I also wanted to use some Kentish cobnuts, which have been in the market for a couple of weeks now and have quite a short season. They're a type of cultivated hazelnut, grown in orchards called "plats". Apparently the Victorians considered them a delicacy, and would eat them with after-dinner port. Unlike most nuts, they're sold fresh (I actually just wrote "solled". What on earth is wrong with me? I think this post about bad spelling and grammar has infected me with the disease itself), meaning you have to faff around cracking and peeling them before you can use them. I decided to roast mine, as they were a bit bland raw, so I put them in the oven. They turned soft - apparently if you leave them in for about an hour they go hard again, like hazelnuts, but I didn't know this. They were still delicious, though.
I can't really give you a recipe for this salad, as it's really just a load of things chucked in a bowl that happened to taste delicious together.

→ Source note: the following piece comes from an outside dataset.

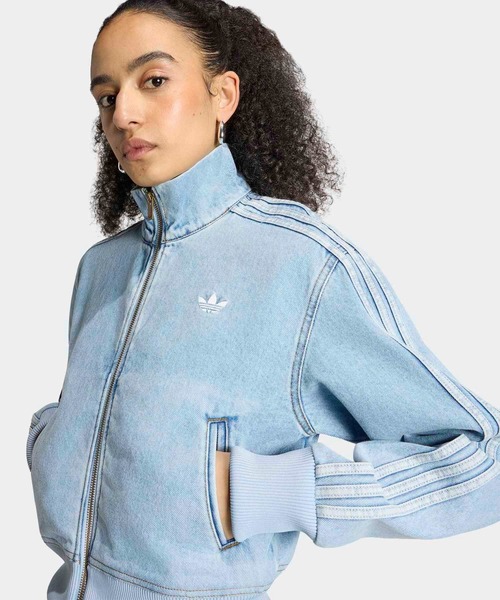 adidas(アディダス)の「ファイヤーバード デニム トラックトップ / ジャージ / アディダスオリジナルス adidas Originals(デニムジャケット・レディース・ブルー・MEDIUM/LARGE/SMALL/X-LARGE/X-SMALL)」の4枚目の写真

Firstly, I sliced a bulb of fennel really thinly on a mandolin. I dressed it with lemon juice, a drizzle of olive oil, a tiny tiny drop of sesame oil, and lots of salt and pepper (raw fennel with crunchy salt is truly delicious). I mixed in some chopped cherries, then piled this onto a bed of salad leaves. I then scattered over a few more cherries, the roasted cob nuts (hazelnuts would work well too, if you can't find cob nuts), the fennel fronds, and finally placed two big slices of goats' cheese on top (the kind you can buy sliced from a big log in cheese shops). I also, because I'm an exhibitionist, melted the cheese slightly with my kitchen blowtorch, but this isn't entirely necessary.

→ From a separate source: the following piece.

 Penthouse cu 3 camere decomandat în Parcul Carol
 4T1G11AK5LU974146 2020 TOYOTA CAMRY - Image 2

The result? A really excellent lunch for two. It's quite filling on its own, but is also really good with some tasty sourdough bread or a crusty baguette. It might sound like an odd combination of ingredients, but they really work - the sweetness of the cherries (try to get juicy ripe ones) counterbalances the acidity of the fennel and the cheese, as does the liberal use of salt. The nuts provide some crunchy texture, along with the fennel. I might have to make this again soon.
Do you have any particular grammatical bugbears? Or do you find people like me incredibly irritating and think we should just calm down and get a life?